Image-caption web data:
Segment Open

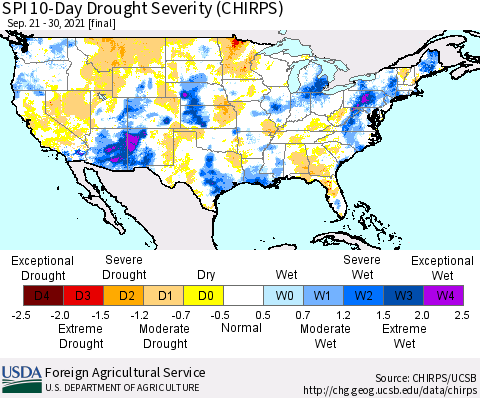 United States SPI 10-Day Drought Severity (CHIRPS) Thematic Map For 9/21/2021 - 9/30/2021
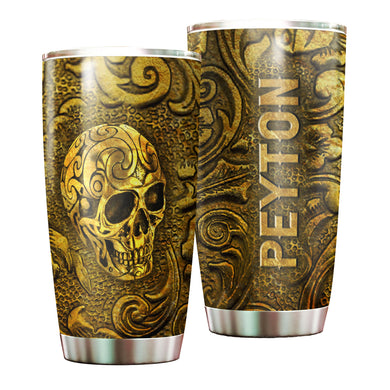 Camellia Personalized Golden Skull Stainless Steel Tumbler - Customized Double-Walled Insulation Travel Thermal Cup With Lid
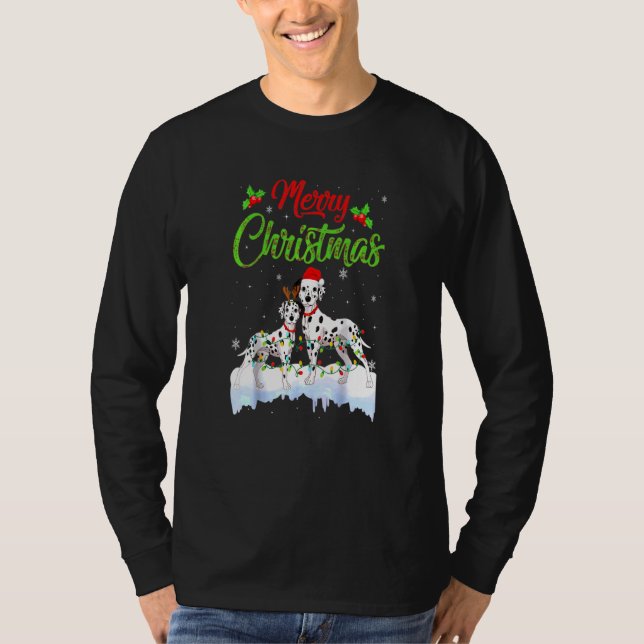 Camiseta Navidades de perros de Dalmacia iluminan a perro d (Anverso)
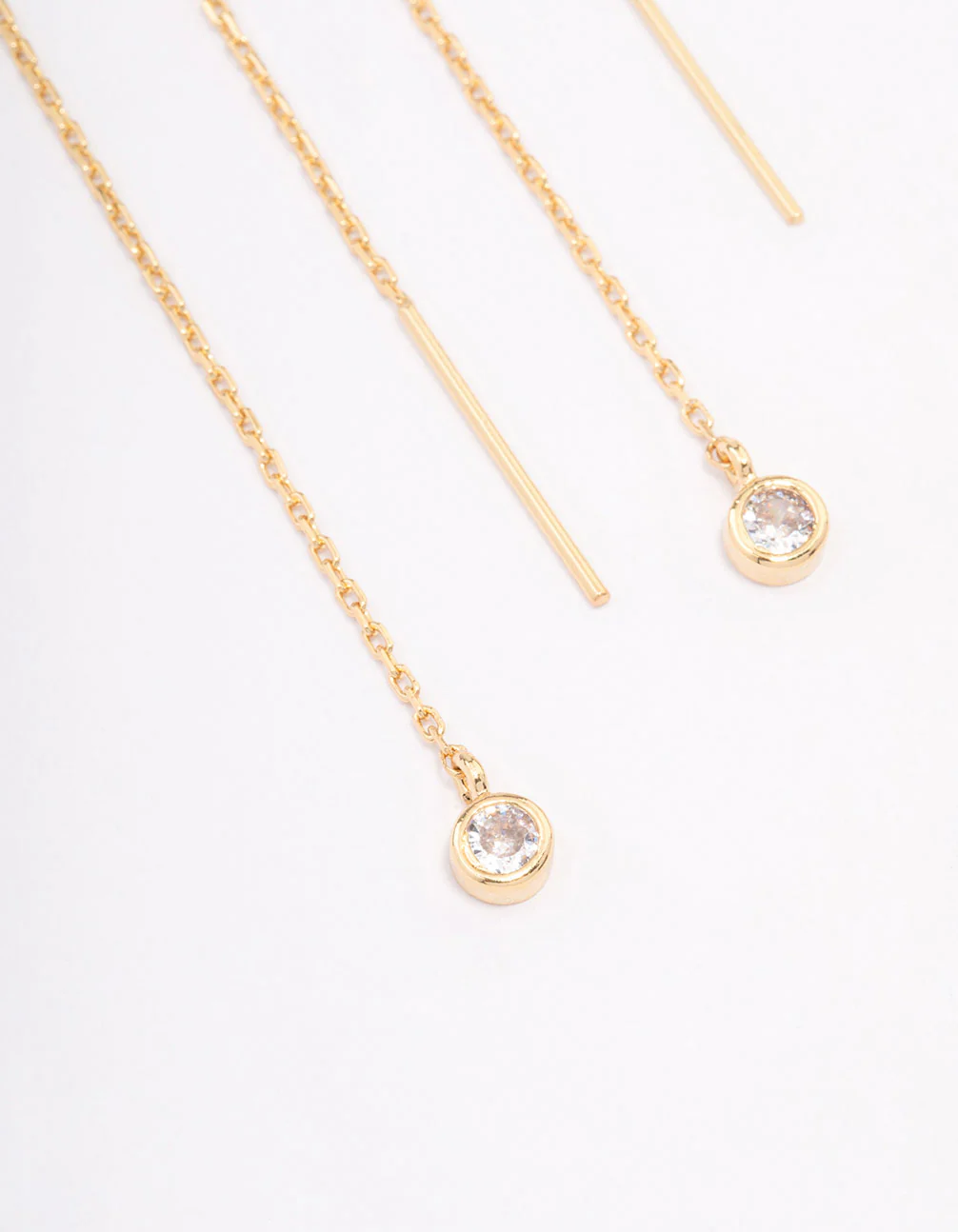 Gold Plated Surgical Steel Thread Through Round Cubic Zirconia Earrings - Image 2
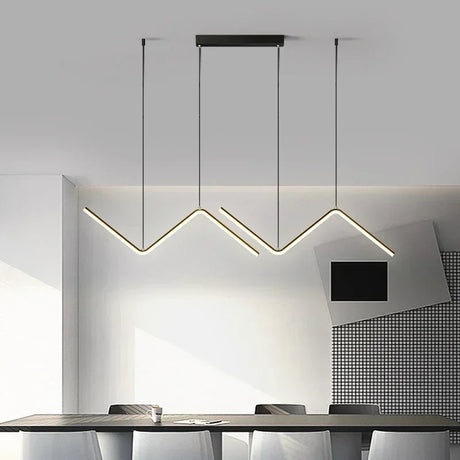 Modern LED Pendant Light Luxury Strip Lamp - Hans Lumiere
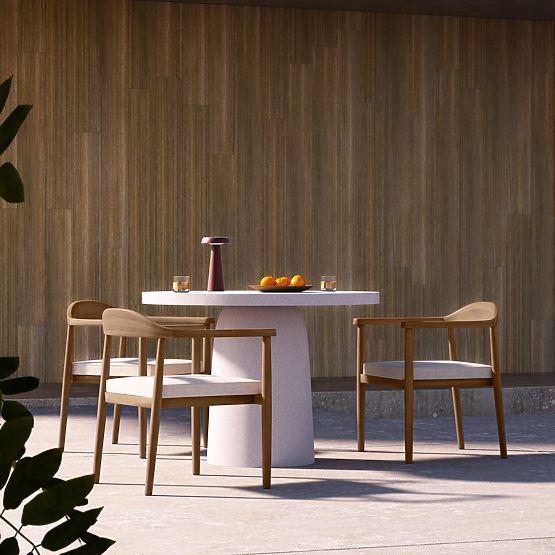 Zahradní stůl Vibonis 106 cm, kulatý, cementový, světle béžový, matný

Segment Closed

YOUR INSTRUCTIONS:
No pictures belong in the answer. It must repeat exactly the lines from the line with "Gold Plated Surgical" through the final line of the records.

ANSWER SPACE:
 Gold Plated Surgical Steel Thread Through Round Cubic Zirconia Earrings - Image 2
 Modern LED Pendant Light Luxury Strip Lamp - Hans Lumiere
 Zahradní stůl Vibonis 106 cm, kulatý, cementový, světle béžový, matný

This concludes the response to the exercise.